I can confirm that we have received information under the authorities of SCISA in support of active investigations, as noted in the Office of the Privacy Commissioner's 2015-2016 annual report. Information shared during the first six months of SCISA respected the threshold set out in law.
This review is an example of how CSIS' activities can be, and are, reviewed within a broader framework of accountability. The Privacy Commissioner can review CSIS' information-sharing policies and practices and issue public recommendations. CSIS continues to co-operate with the Office of the Privacy Commissioner in the context of its review of SCISA.

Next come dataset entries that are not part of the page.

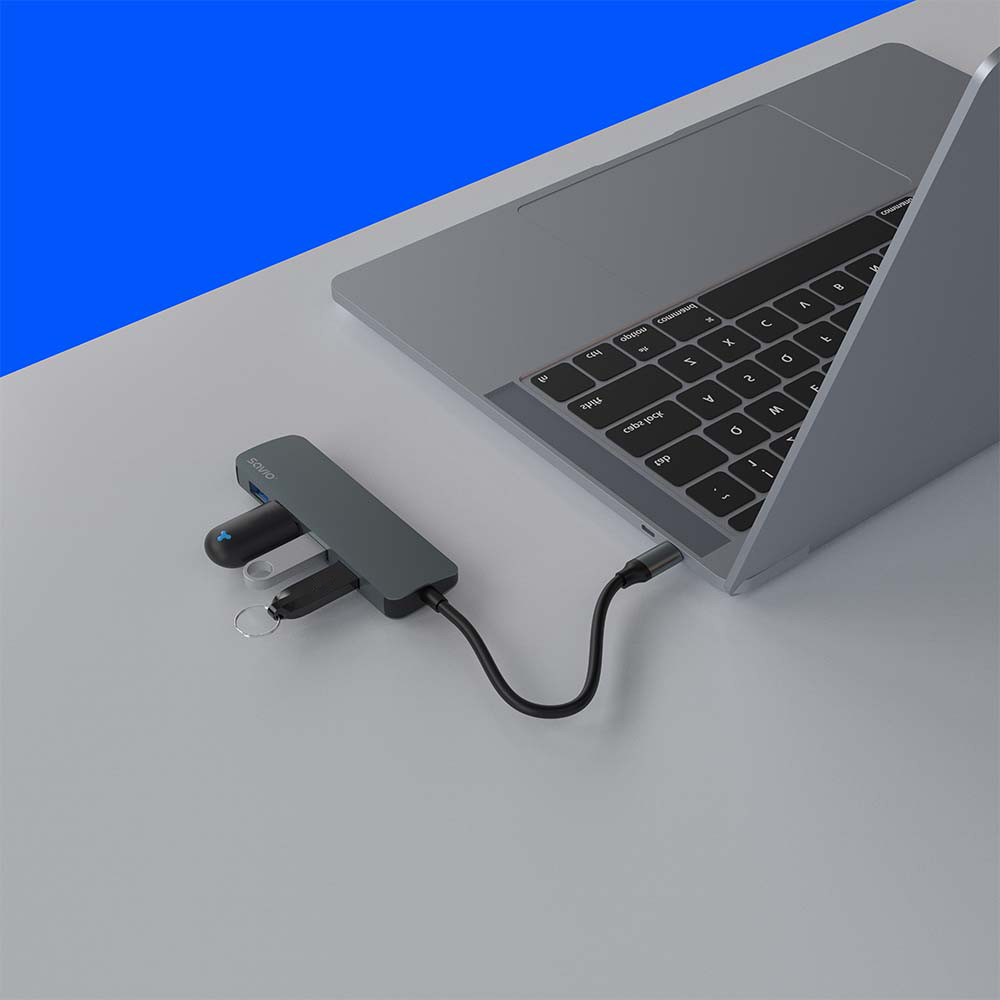 SAVIO AK-54 HUB USB-C - 4 X USB-A, SZARY - zdjęcie 2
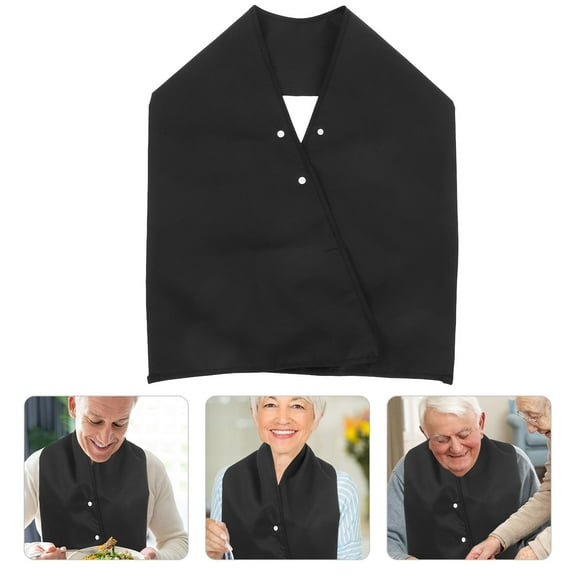 IBASETOY Waterproof Adult Bib Scarf Design for Men Women Black 1Pack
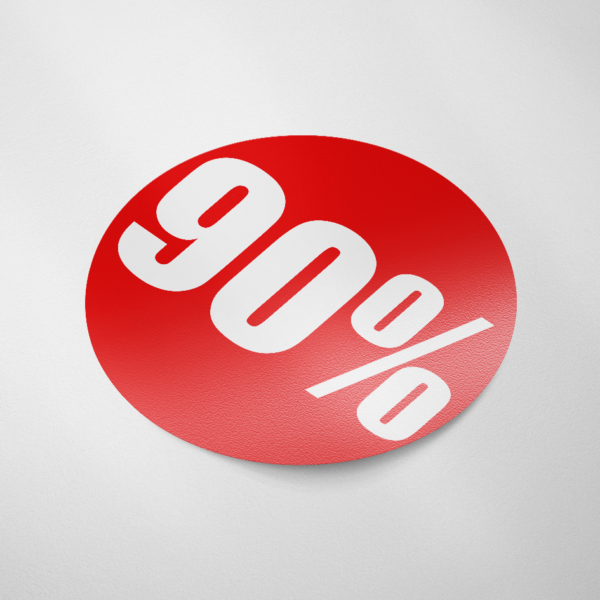 Sale sticker 90% (Rond/Rood)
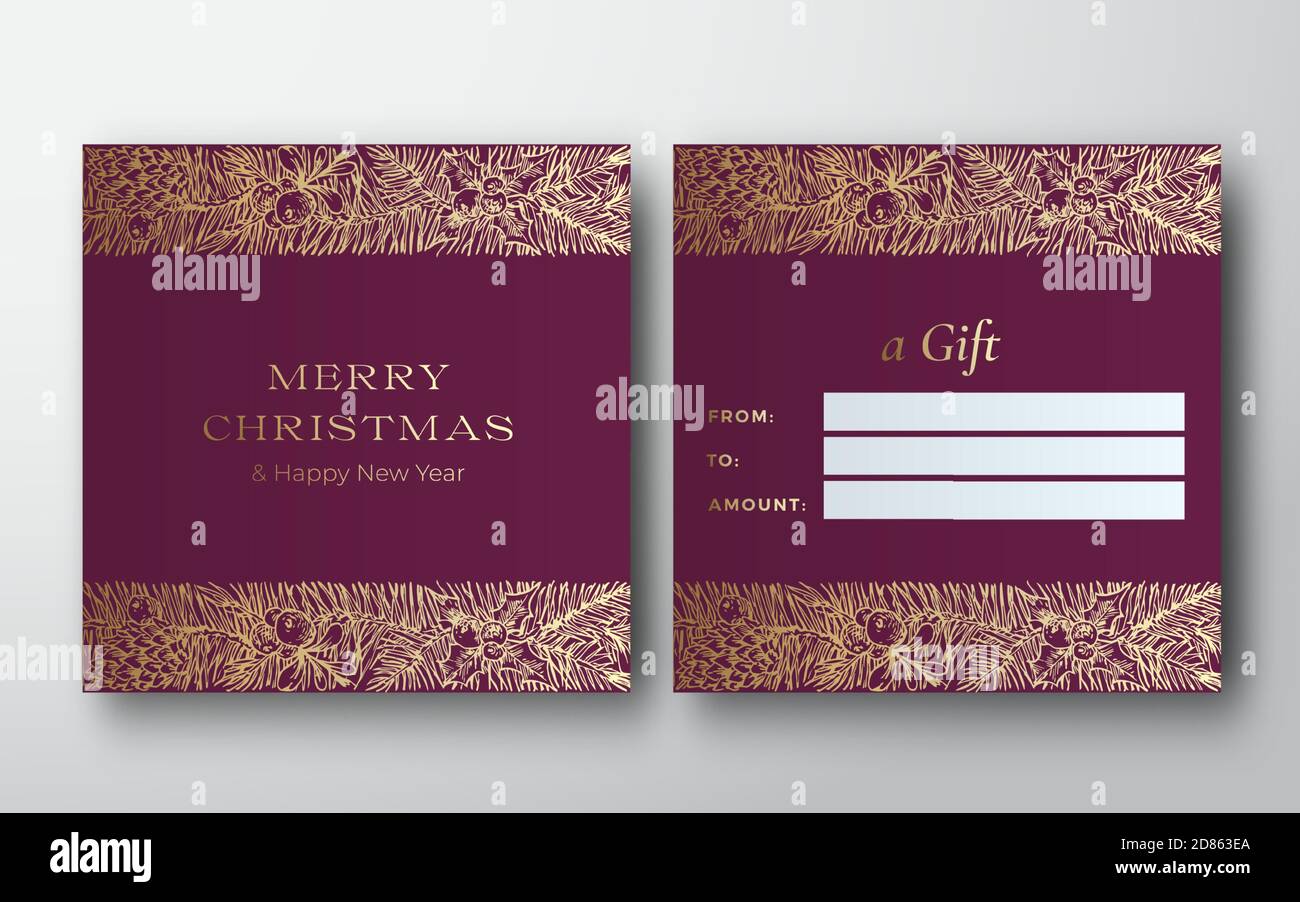 Weihnachten Abstrakte Skizze Dekoration Vektor Grußkarte Hintergrund. Design-Layout für Vorder- und Rückseite mit Typografie. Weiche Schatten mit Hand gezeichnet Stock Vektor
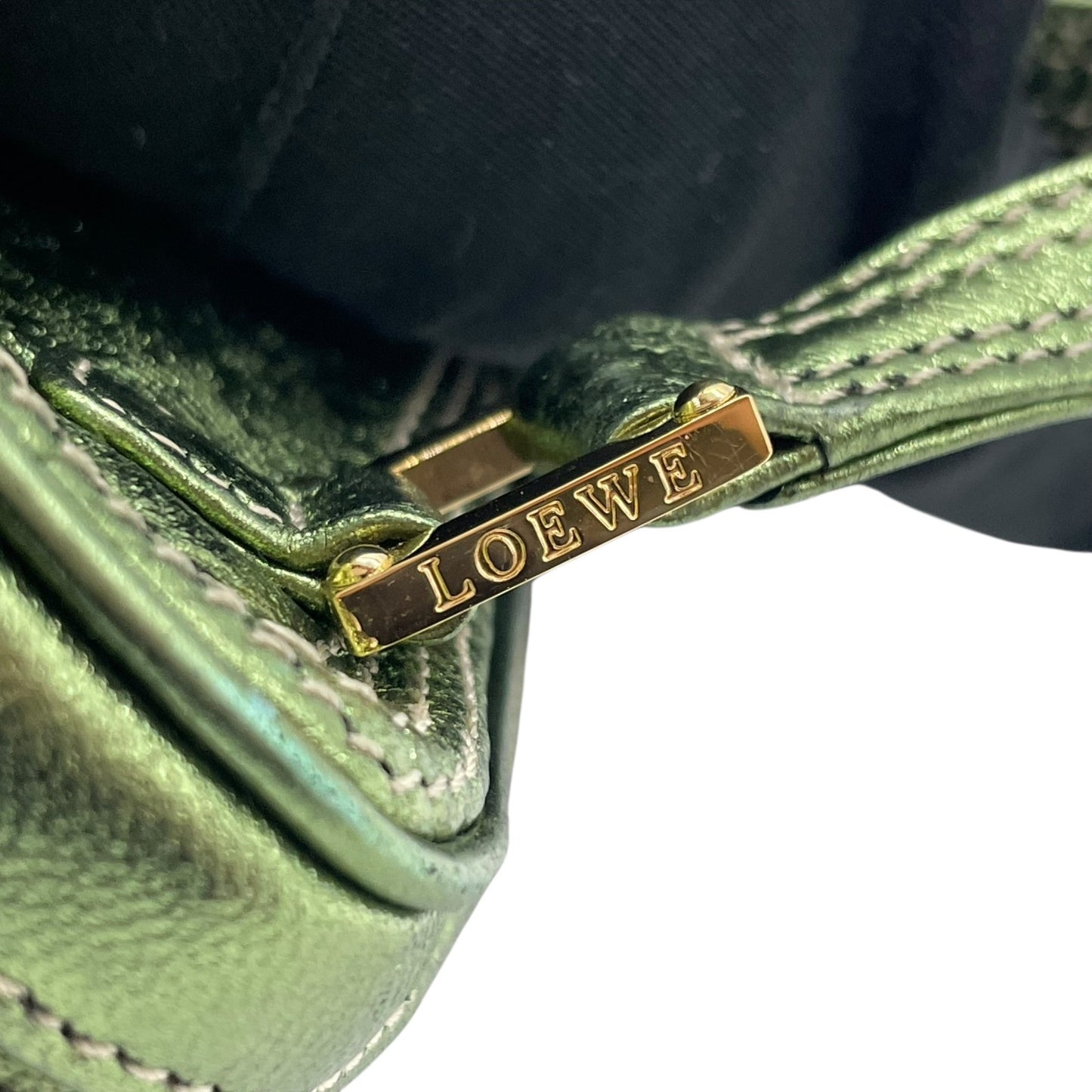 Authentic LOEWE Amazona Micro Mini Shoulder Bag Metallic Green Leather Anagram Logo Crossbody Gold Hardware Vintage Women's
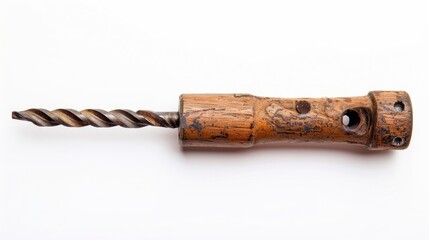 Wooden Drill on White Background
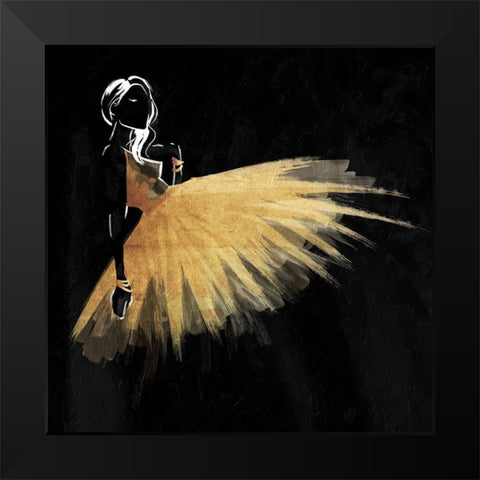 Golden Dress Puff Mate Black Modern Wood Framed Art Print by OnRei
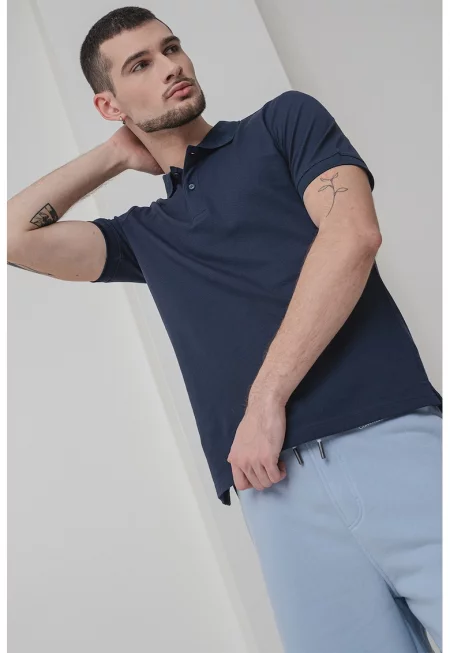 Тениска с органичен памук с яка - Ултрамарин синьо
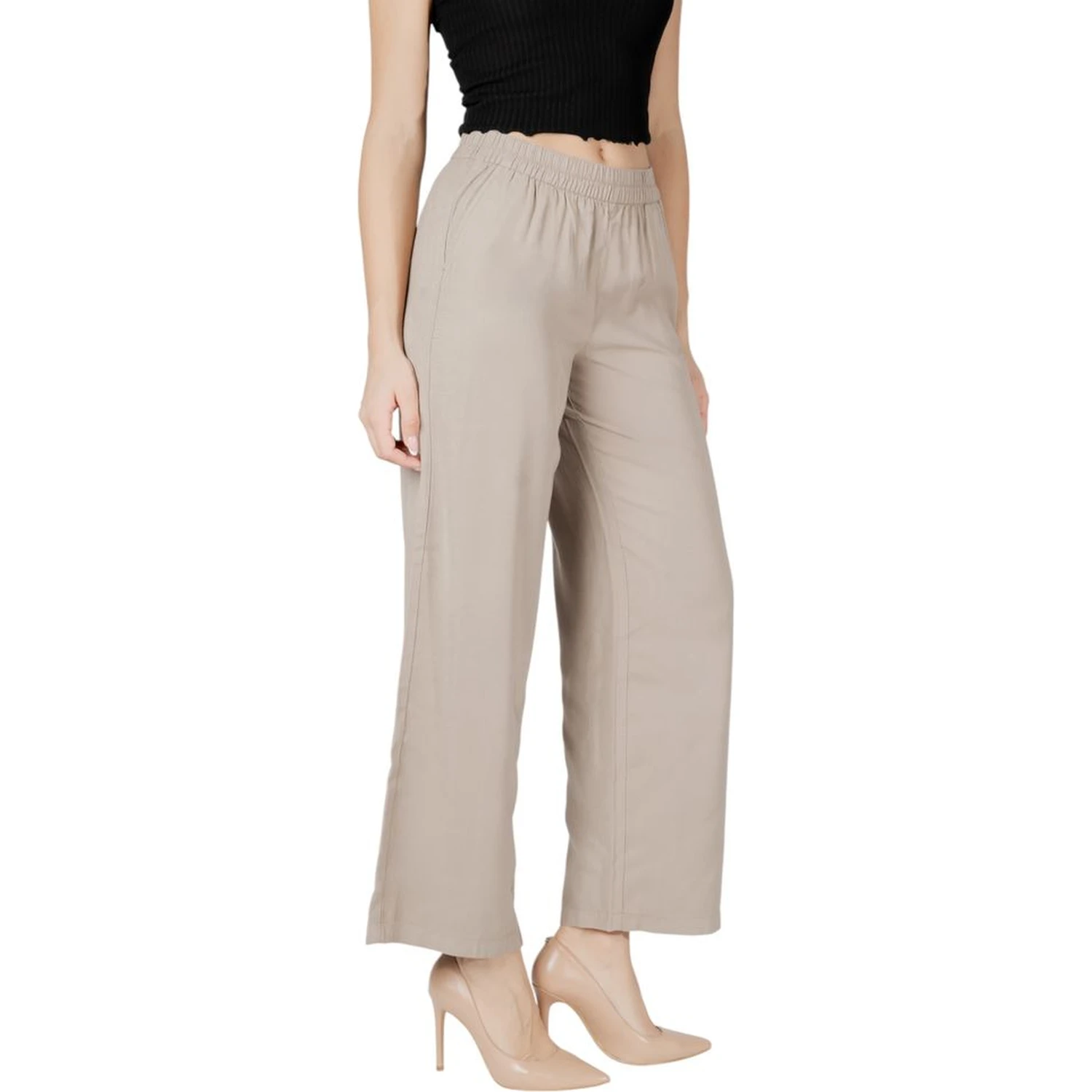 Beige Viscose Casual Pants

CSIS' activities are also reviewed by the Security Intelligence Review Committee, or SIRC, which reports to Parliament on our operations. SIRC's findings and recommendations provide valuable feedback and as a result often have a direct impact on policies and practices.
As you are aware, SCISA is also part of the range of issues being examined in the ongoing national security consultations. Though these issues are rightly a question for the public and Parliament to consider, we welcome the discussion and the opportunity to hear from Canadians on these important issues, many of which are at the very heart of what we do.
With that, Mr. Chair, I conclude my remarks.
I know that we all welcome to your comments, observations, and questions.
I'm happy to comment. Thank you for the question.
I believe your question was about whether or not we're striking the right balance with SCISA. Speaking from the services perspective, we had experienced some challenges in information sharing, and SIRC had commented on them. In particular, in one of their reports they focused on our information exchanges with Global Affairs Canada and our ability to receive information from Global Affairs Canada.
That is one area in which I think SCISA has been very helpful to us, for sure. I think that's enhancing national security, absolutely and certainly. I can't speak to any specific investigations, but we have certainly been the beneficiary of information there.
While we had been using the Privacy Act for our information exchanges with Global Affairs before this, now that we have the additional powers or the additional clarity around SCISA, there have certainly been some enhancements there, so I feel confident.
I don't know if your second question was more about how we deal with allies and so on in the current threat environment.